--- START ---
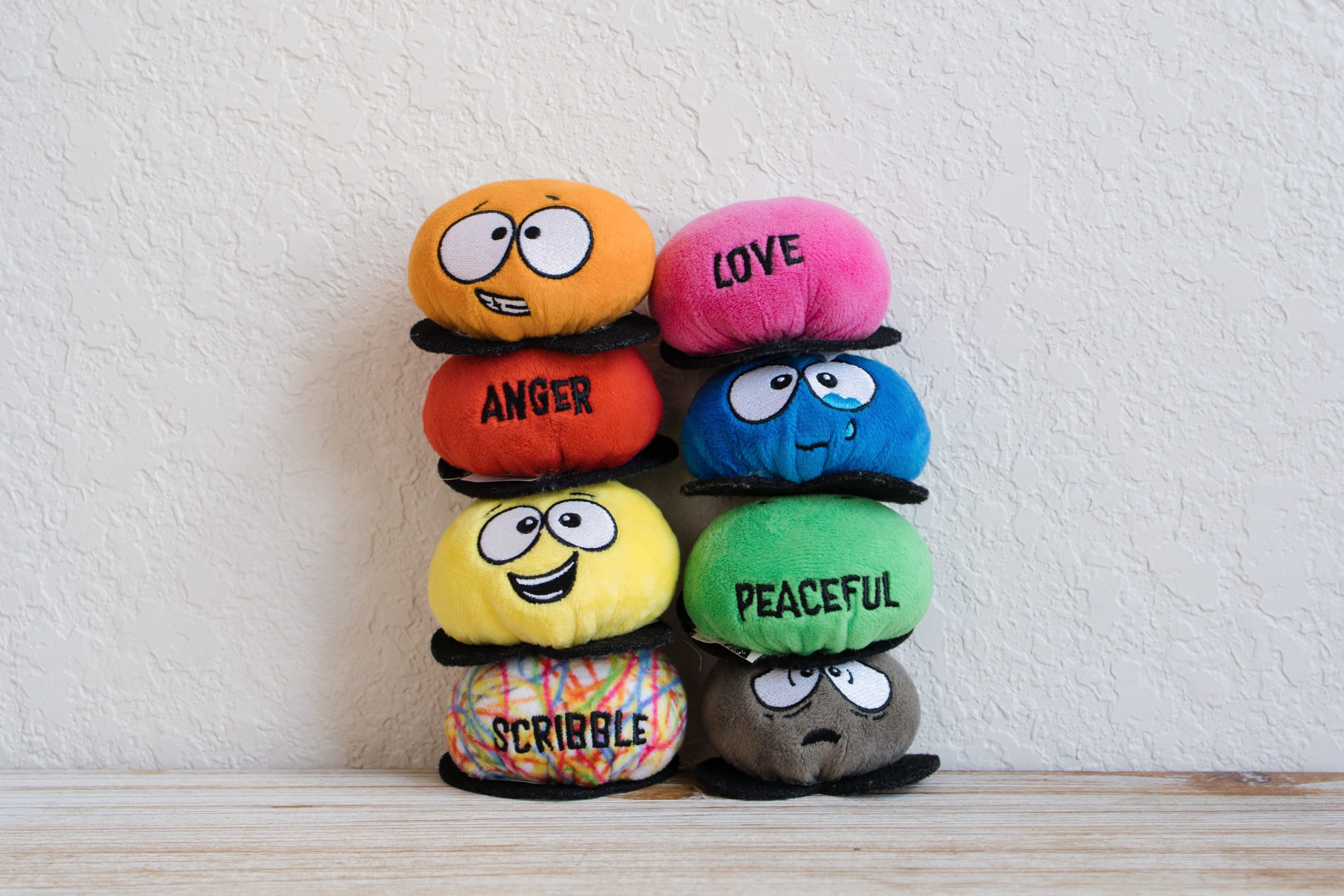 Stack of colorful plush emotion faces labeled anger, love, peaceful, and other feelings.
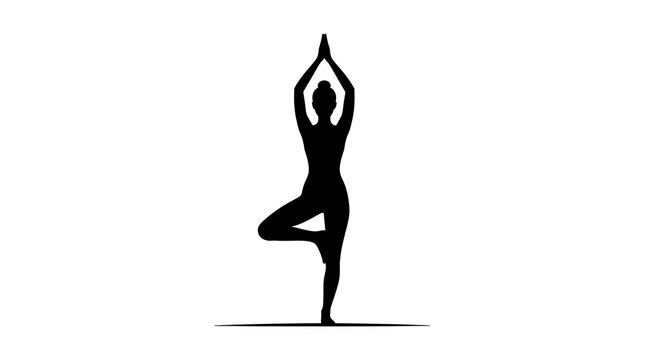 Woman practicing yoga in tree pose
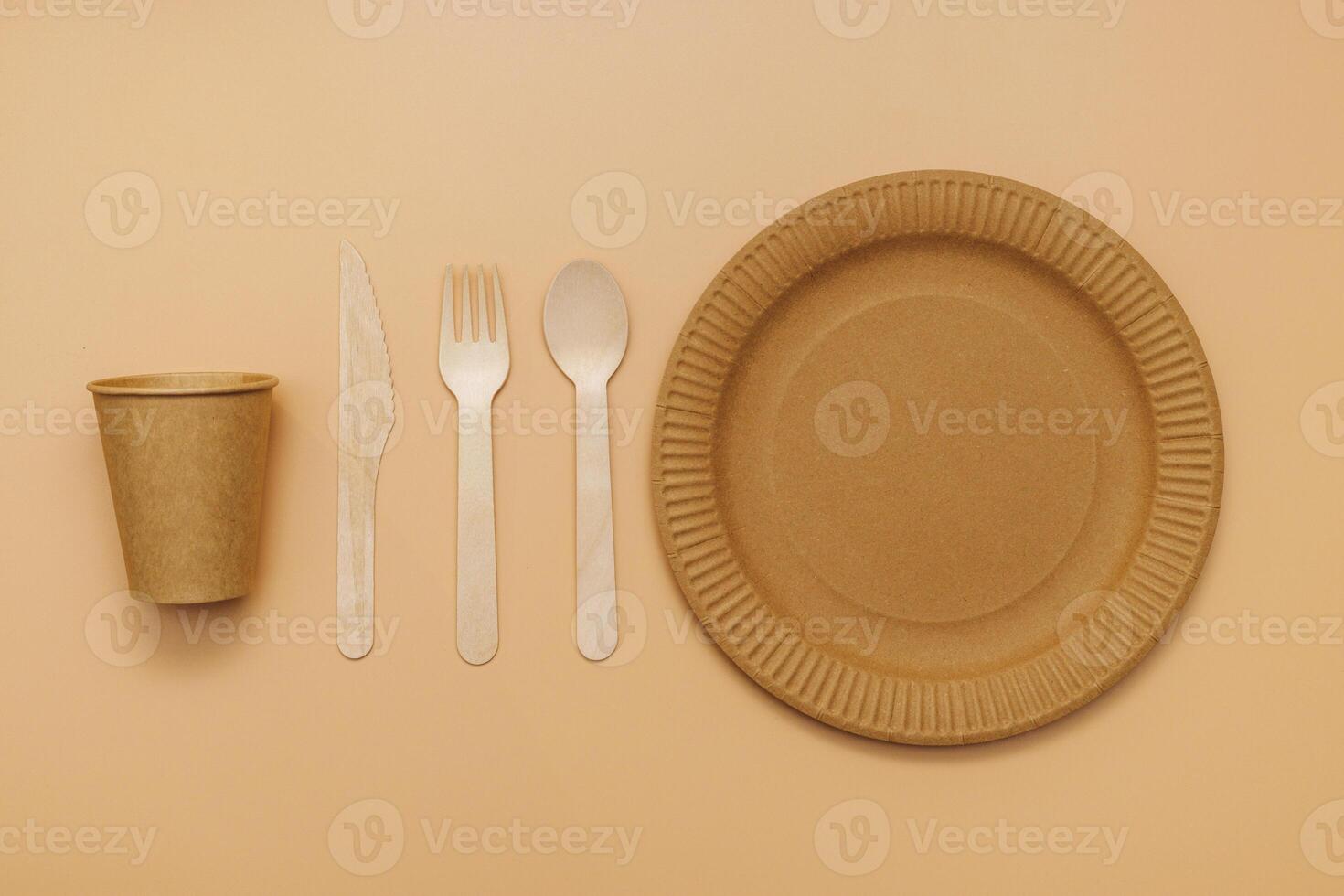 A set of disposable tableware on a brown background photo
--- END ---
- _EXERCISE_:
Every line above should be reproduced exactly, please, with no pictures included.

- _RESULT FOR THIS EXERCISE_:
 Stack of colorful plush emotion faces labeled anger, love, peaceful, and other feelings.
 Woman practicing yoga in tree pose
 A set of disposable tableware on a brown background photo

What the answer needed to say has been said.